• [What you will do]: Whatever appears in the records apart from pictures must be reproduced exactly.

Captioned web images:
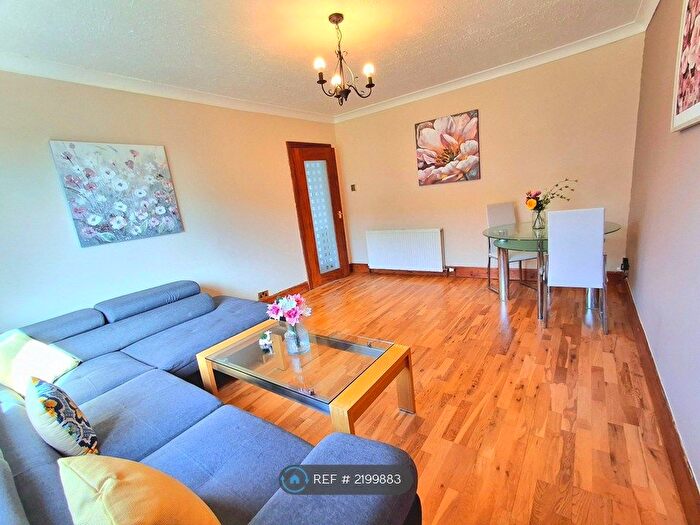 2 Bedroom Flat To Rent In Arnage Crescent, Aberdeen, AB16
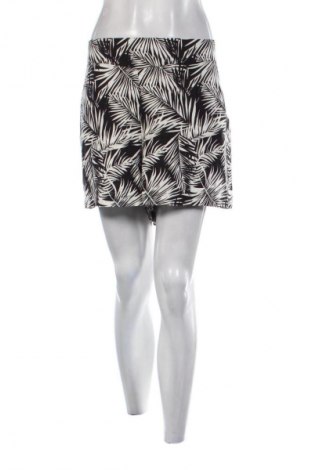 Дамски къс панталон H&M, Размер XL, Цвят Многоцветен, Цена 9,78 €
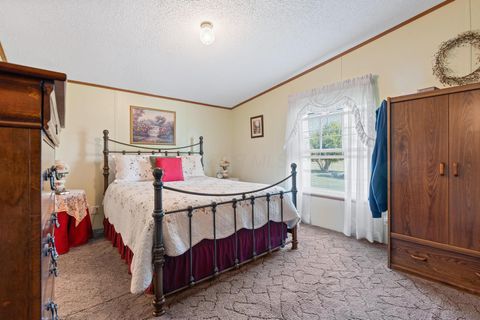 Tiny photo for 653 Burnett Road, Sabina, OH 45169 (MLS # 225037395)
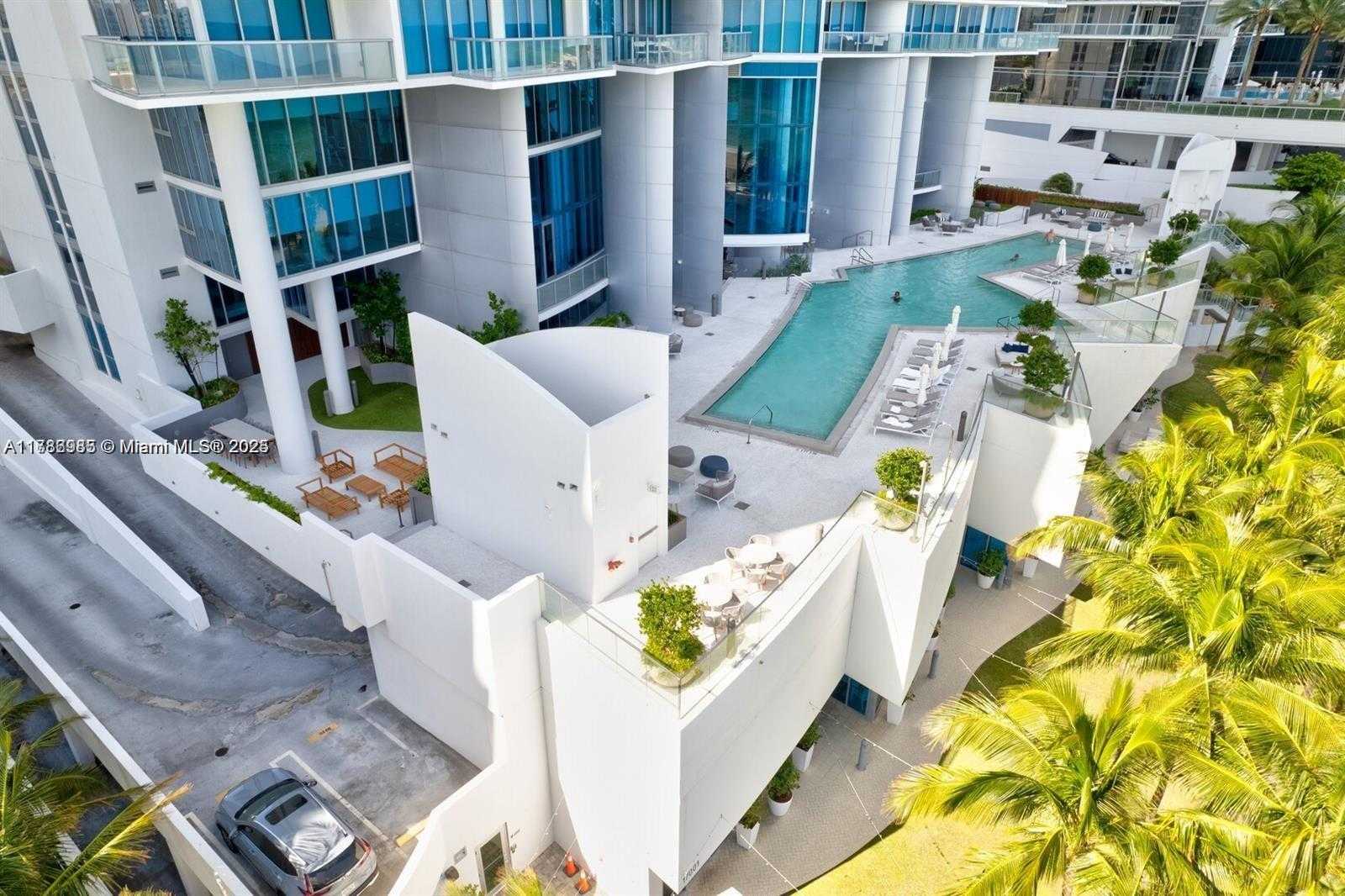 Small Image of 17001 COLLINS AVE #2401, Sunny Isles Beach Number 32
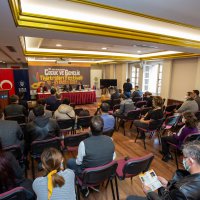Perde çocuklar ve gençler için açılıyor 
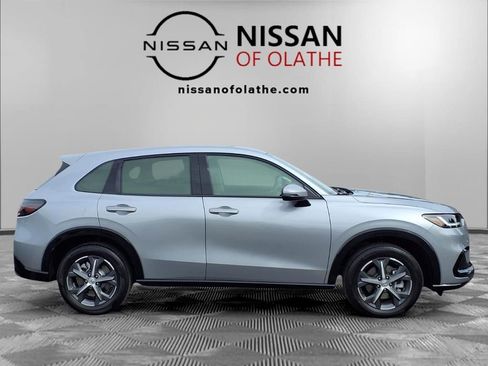 Used 2024 Honda HR-V EX-L image 30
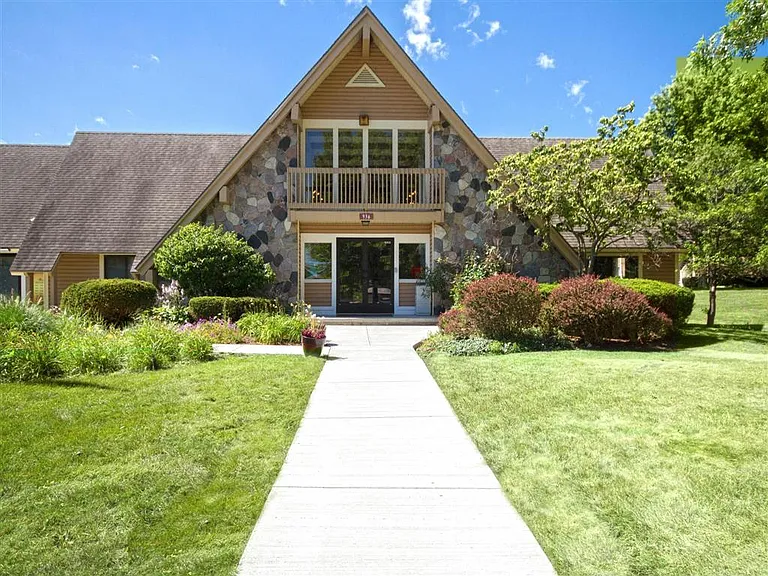 Clubhouse Exterior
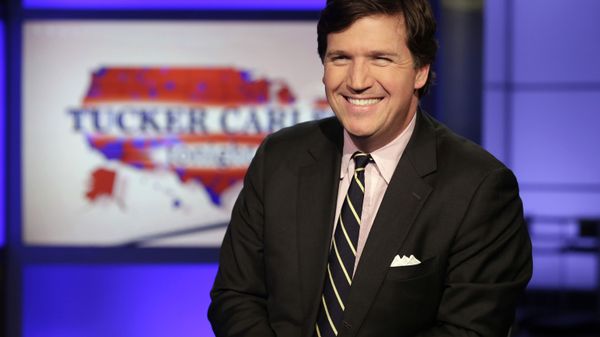 Tucker Carlson, host of Tucker Carlson Tonight, poses for photos in a Fox News Channel studio, in New York, Thursday, March 2, 2017 - Sputnik International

• [Result]:
 2 Bedroom Flat To Rent In Arnage Crescent, Aberdeen, AB16
 Дамски къс панталон H&M, Размер XL, Цвят Многоцветен, Цена 9,78 €
 Tiny photo for 653 Burnett Road, Sabina, OH 45169 (MLS # 225037395)
 Small Image of 17001 COLLINS AVE #2401, Sunny Isles Beach Number 32
Perde çocuklar ve gençler için açılıyor 
 Used 2024 Honda HR-V EX-L image 30
 Clubhouse Exterior
 Tucker Carlson, host of Tucker Carlson Tonight, poses for photos in a Fox News Channel studio, in New York, Thursday, March 2, 2017 - Sputnik International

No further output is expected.